Одним из самых заметных театральных событий уходящего европейского сезона стал спектакль Себастьяна Хартманна «Единственный и его собственность»: постановку берлинского Deutsches Theater включили в программу фестиваля «Театертреффен» (аналог нашей «Золотой маски»). Как спектакль, основанный на философском труде Макса Штирнера (1844), стал современным музыкальным хитом и почему его успех оказался недолговечным, рассказывает Алла Шендерова.
Трактат о личной свободе и разумном эгоизме шестерка актеров разыгрывает как серию эксцентричных скетчей
Фото: Arno Declair / Berliner Festspiele
Себастьян Хартманн — режиссер среднего поколения, родом из Лейпцига, много ставил в родном городе, в Дрездене и в Веймаре, а последние годы — сотрудничал с берлинским «Дойчес театром». Любитель «не просто декламировать литературу, а воплощать ее на сцене», он часто берет за основу большие романы — «Войну и мир» Толстого, «Идиота» Достоевского, «Волшебную гору» Томаса Манна. При этом по канве классики он всегда «вышивает» свое.
Философ, близкий левым гегельянцам, автор самого знаменитого произведения в истории анархизма, Макс Штирнер (псевдоним Йохана Каспара Шмидта) был не слишком успешен при жизни. Его портрет, напоминающий шарж, сделал Энгельс — в 1840-е он вместе с Марксом посещал тот же левый берлинский кружок, что и Штирнер.

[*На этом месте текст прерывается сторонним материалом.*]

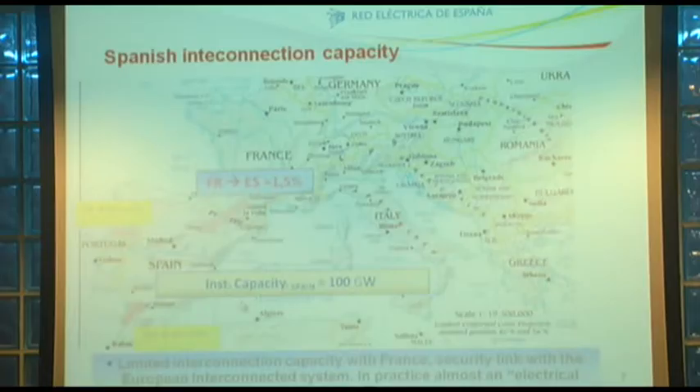Las características del sistema español incluyen una débil interconexión con Francia: sobre los 45.000 MW de consumo, solamente podemos traer 1.400 megavatios de Francia. Esta característica, que es una amenaza, hemos intentado convertirla en una oportunidad, y creo que podemos presumir de haber integrado un volumen de energía que hace años era impensable.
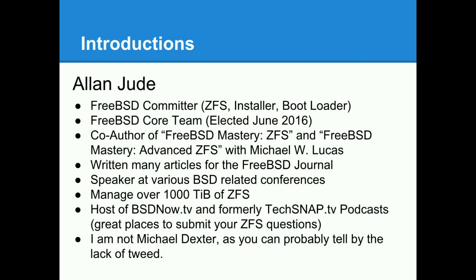I wrote two books, FreeBSD Mastery ZFS and Advanced ZFS. One of the main technologies behind FreeNAS is ZFS, and if you want to know more, you can check those out at ZFSbook.com. I've written many articles for the FreeBSD Journal, which is our six-times-a-year technical journal. In my day job I manage about 1,000 terabytes of ZFS-based storage devices. I also do a weekly video podcast, BSDnow.tv, where we interview developers working on open source software to help people new to open source see paths others have taken. I also did a TechSnap podcast oriented towards sysadmins and security, but had to step down because doing two podcasts a week is a lot of work.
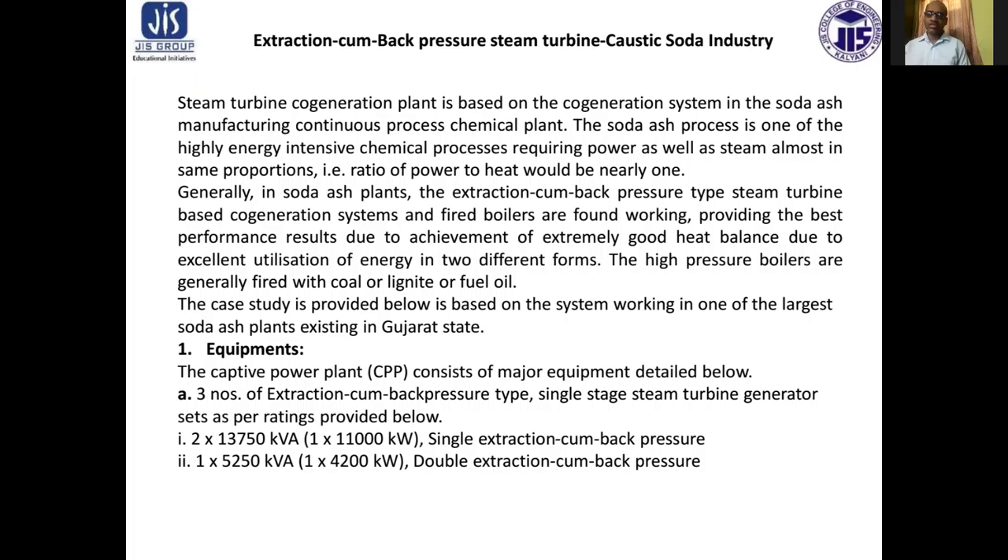The high pressure boilers are generally fired with coal, lignite, or fuel oil. The case study provided below is based on a system working in one of the largest soda ash plants existing in Gujarat state. The captive power plant consists of major equipment details below.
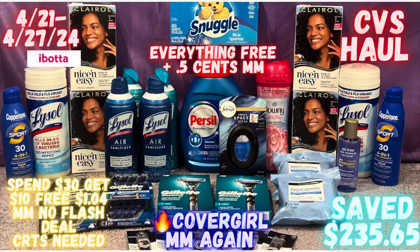Hello everybody and welcome back to Shanika Owens TV. In this video I'll be doing a second haul at CVS for the week of 4/21 through 4/27. Normally I do not do the second week at CVS, but I could not pass up on doing some spend $30 get $10 deals — and they came out to be money makers without any of those big flash deal CRTs, which was really awesome. Everything came out to be free and a five-cent money maker.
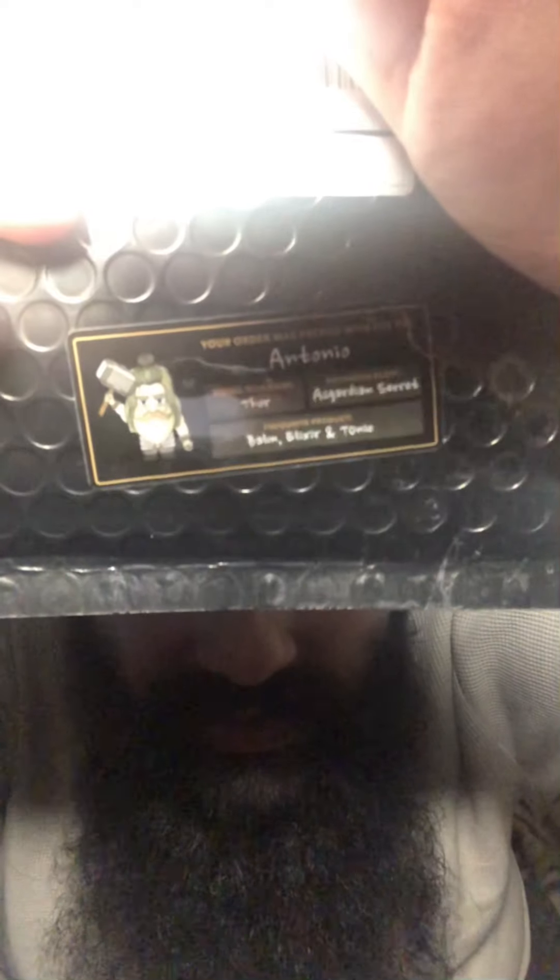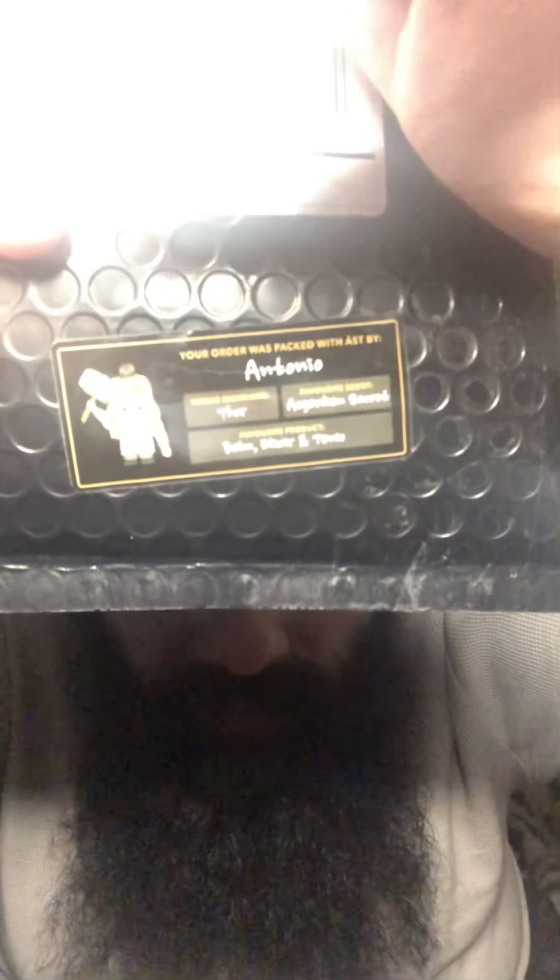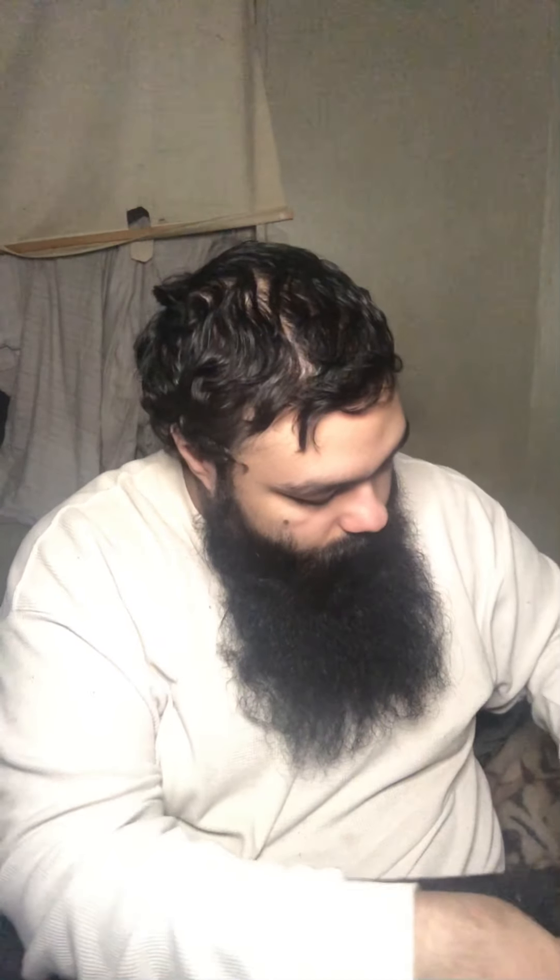It comes in this really unique package, and every time you get something it says right here — you can see it right there — your order was packaged by this person. This is their Viking name and what they prefer. Fresh out, just got it so you can see the packaging.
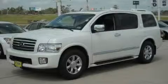This is a 2007 Infiniti QX56, a big SUV for big fun. The sturdy 8-cylinder engine, connected to an automatic transmission, is perfect for commuting or cruising.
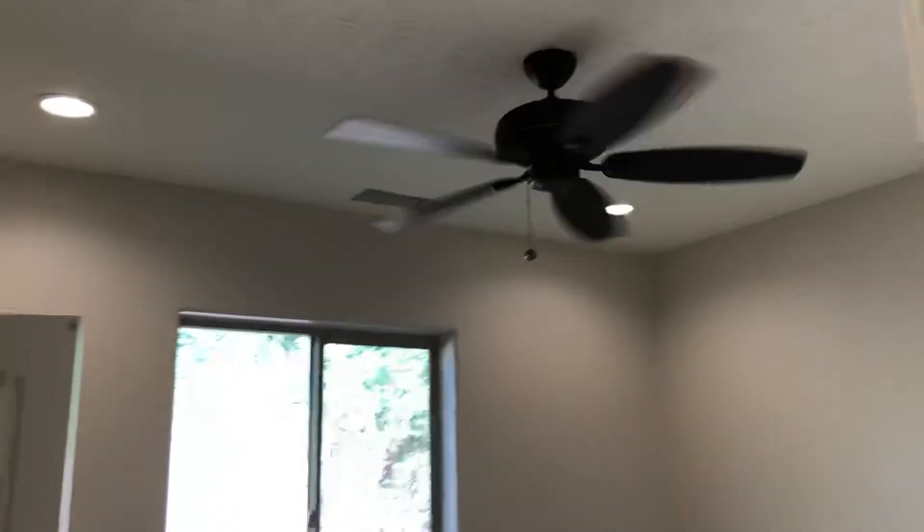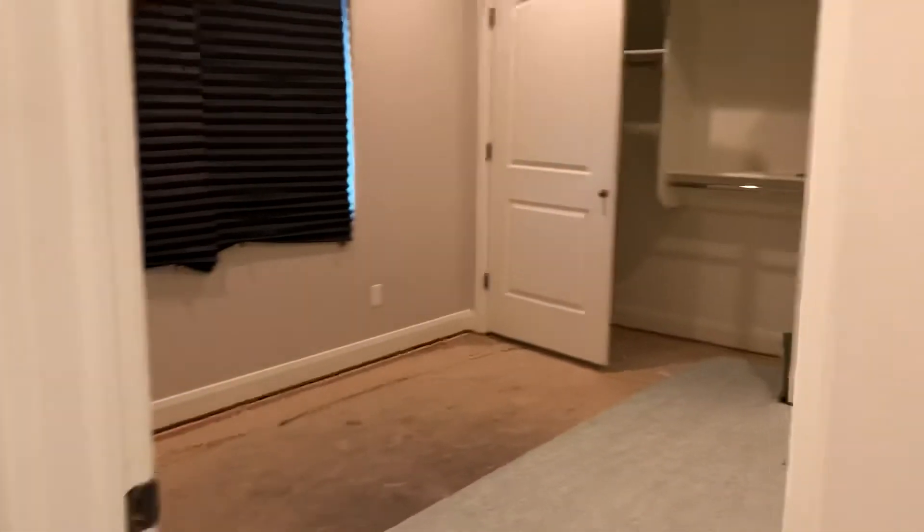The bedrooms are all the same — lights are in, fans are in, fans are going. A/C is not yet complete. Joey's old room: new paint, new lights, new fan, new pad. Coming back tomorrow to finish the pad and the carpet.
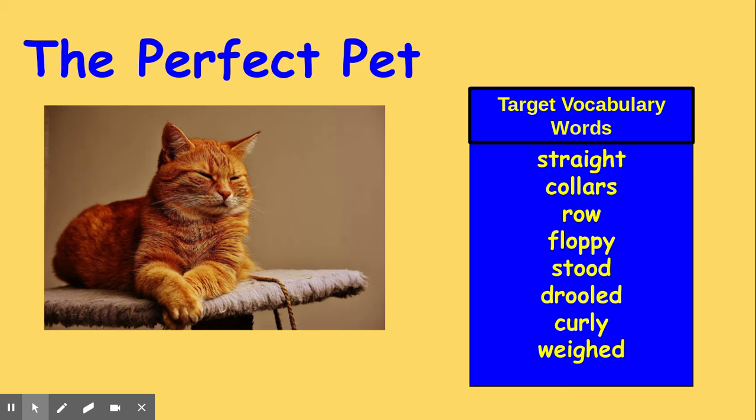Carla and her mother tried to find a pet for Carla at an animal shelter. Carla scratched a friendly-looking dog under its chin, and it drooled on her. I don't think I want a pet that drools, she said. Then, Carla noticed a cute puppy with curly hair. It liked to play. It liked to be hugged, and it didn't drool. Carla's mother asked how much it weighed.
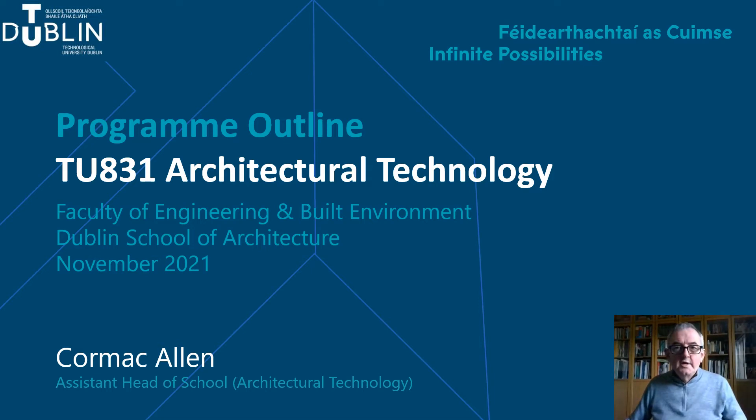Hello, my name is Cormac Allen. I am Assistant Head of School at the TU Dublin School of Architecture and I manage the TU831 BSc Architectural Technology Programme. I work alongside Kirk McCormack who is the Programme Chair.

Апостолом эгоизма и радикальным индивидуалистом, опередившим Ницше, он стал считаться уже после смерти. Разумеется, никто не ставил его книгу в театре, потому что поставить ее нельзя. Если, конечно, подходить к ней с традиционными мерками: конфликт, характеры и сюжет. Все это никогда особо не интересовало Хартманна. Впрочем, когда драматурги «Дойчес театра» (в немецком театре это завлиты и редакторы в одном лице, премьер выходит много, потому и драматургов в театре несколько) предложили ему поставить книгу Штирнера, он сначала отказывался.
«Когда я читал Штирнера во второй и третий раз, я осознал его невероятную силу, безумную ярость в лучшем смысле слова… Они связаны, прежде всего, с эгоизмом, который мы ощущаем сегодня в обществе: и который заставляет нас впадать в отчаяние от того, что в нас больше нет сочувствия — тому, что происходит рядом, не говоря уже о другом континенте… С другой стороны, мы больше не в состоянии оставаться в мыслительном пространстве — мы сразу читаем все как руководство к чему-то…»
В общем, Хартманн именно так и поставил книгу Штирнера: с одной стороны, превратил ее в ряд завораживающих, но абстрактных картин, рассматривая которые зритель может плыть по волнам собственных ассоциаций. С другой — шесть пластичных и музыкальных актеров иногда перебрасываются чем-то вроде кратких манифестов эгоизма, например «It’s right for me! It is right!», или строят целый номер вокруг немецкого слова «vielleicht» («может быть») — спектакль идет на смеси немецкого и английского. А то резко переходят от слов к действиям: орут, дерутся, топят одну из актрис в хрустальной ванне (она же гроб), а потом поют хором что-то радостное.
Все эти сцены-скетчи растворены в музыке с помощью композитора-мультиинструменталиста PC Nackt. Для начала режиссер предложил ему записать свои музыкальные ассоциации к книге, а уже потом придумал к его музыке либретто, «сделав Штирнера не поставщиком ключевых слов, а собеседником».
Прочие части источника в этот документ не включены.